I really enjoyed it. Fun, and fast. Didn't realize Gwyneth was part of the MCU (maybe that's all she was in... TBD). And yeah, I noticed the phones. Old cell phones really stand out in any movies these day.


----------



## Rob Helmerichs (Oct 17, 2000)

jsmeeker said:


> If you really haven't watched much or any, probably best to just watch in release order.

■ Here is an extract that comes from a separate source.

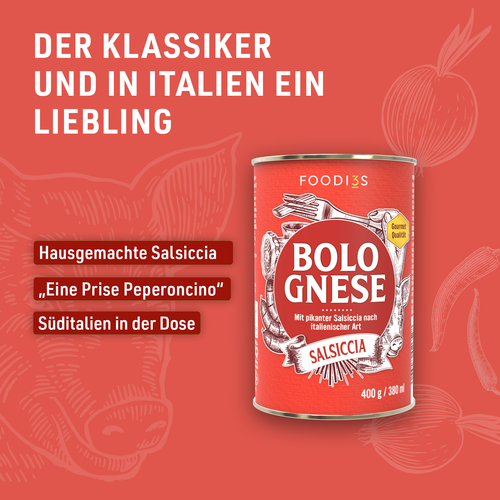 Blik Bolognese Salsiccia tegen een rode achtergrond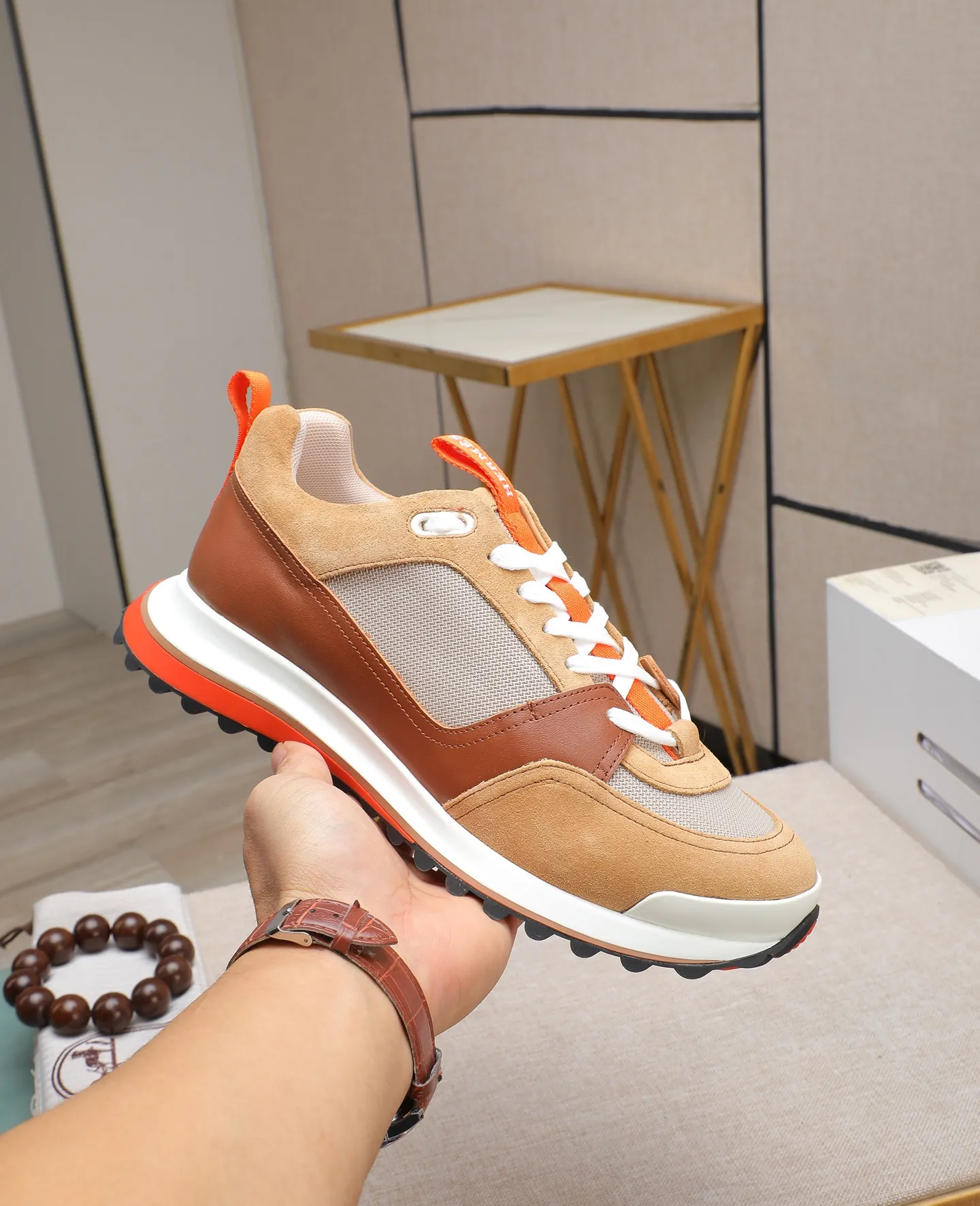 Men's shoes 💰760 Hermes🐴 25ss new autumn and winter products! Classic boot shape + British color matching design, imported calfskin, classic and durable! The original inverted mold last, the ultimate 1:1 shape, and the imported high-end cowhide presents a refined texture! Open the mold to customize the A-grade high-density private mold outsole with luxurious packaging! - Unique quality, 39-44 (38 45 46 customized)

Absolutely. It's literally how they were made to be watched.


----------



## jsmeeker (Apr 2, 2001)

astrohip said:


> So these aren't Star Wars movies? Watch the originals first. Make sure you watch the second one synced with _Dark Side of the Moon_. Then watch the first half of the first prequel, the last half of the second prequel, and just the title scroll of the third one. Then watch the first sequel, and then the fanboy's edit of the last two on YouTube.

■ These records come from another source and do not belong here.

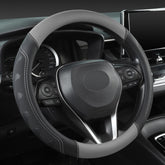 Giant Panda steering wheel cover closeup shows premium leather texture for better grip.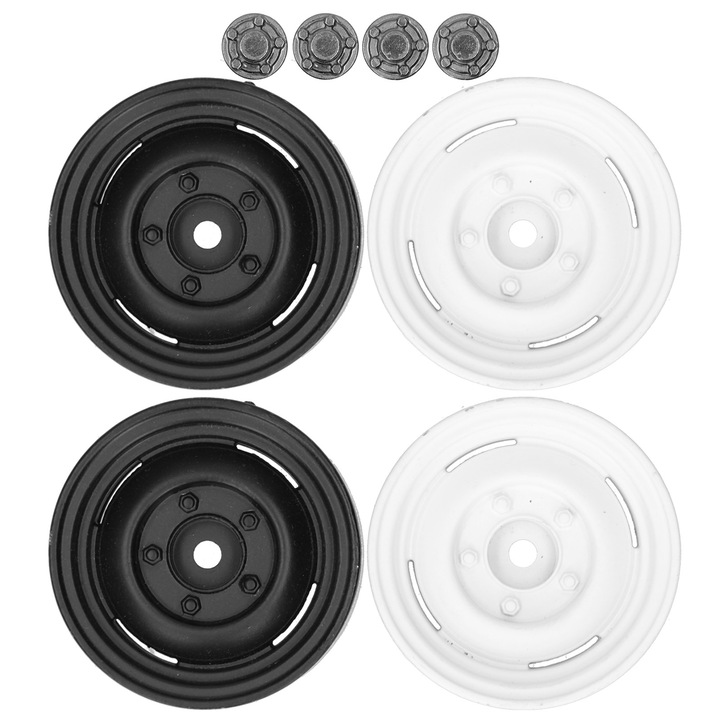 Set de butuci de roti RC Enforose, 4 buc, aliaj de zinc, negru, 54x27mm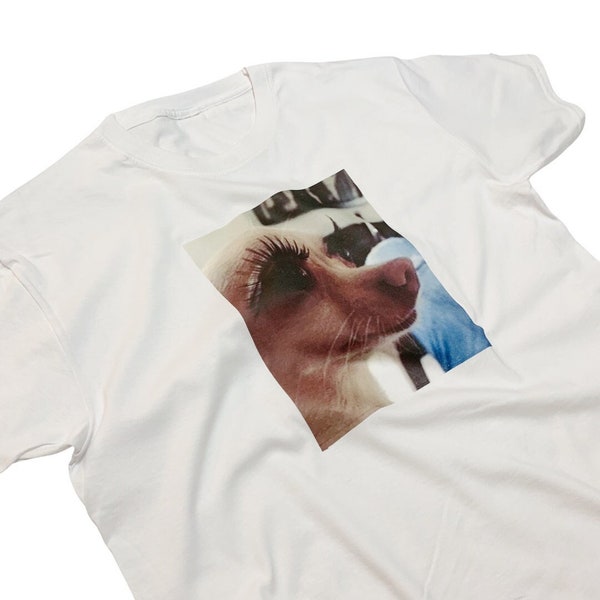 T-shirt Sassy Dog Meme Ciglia su Fleek Y2K Estetica Iconica Famoso Dio Proprietario Meme Top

It's like Star Wars in that the movies came out in a certain order. They are all originals. This isn't like star wars where they made a few over 30 years ago then had a pause. then made another batch.. thena pause with another batch. It's been pretty continuous since 'Iron Man'

Now, there are points where the time line jumps around a bit. But that's all by design.


----------



## hapster85 (Sep 7, 2016)

Pokemon_Dad said:


> I'm sure they'll figure out a better way to handle this eventually (though hopefully not with a countdown; I hate racing against that when I actually do want to see the credits).
> 
> (Tag: @Fixer @Random User 7 @wmcbrine)


Turn off auto-play and you don't have to worry about the next episode starting before you're ready. I hate auto-play with a passion. It's usually the first setting I look for when installing a streaming app. Drives me nuts that I can't turn it off on HBO Max. Lol


----------



## Rob Helmerichs (Oct 17, 2000)

hapster85 said:


> Turn off auto-play and you don't have to worry about the next episode starting before you're ready. I hate auto-play with a passion. It's usually the first setting I look for when installing a streaming app. Drives me nuts that I can't turn it off on HBO Max. Lol


On HBO Max, when the credits start rolling I hit FF a couple of times to get through the credits quickly. That bypasses auto-play without leaving the show in your "continue watching" list..


----------



## Steveknj (Mar 10, 2003)

mattyro7878 said:


> Sounds good. As far as needing supplemental info to enjoy the show...honestly had never heard of SWORD. Needed you tube videos for that. What about your average Joe who never heard of the Avengers happens to tune in?? I think he would be lost. Would he/she enjoy the show? I cant say cuz I am one of those people who know as much as possible. Had no knowledge of Wandas backstory. Had to read up on that when WV started. Many rabbit holes to get lost in!!!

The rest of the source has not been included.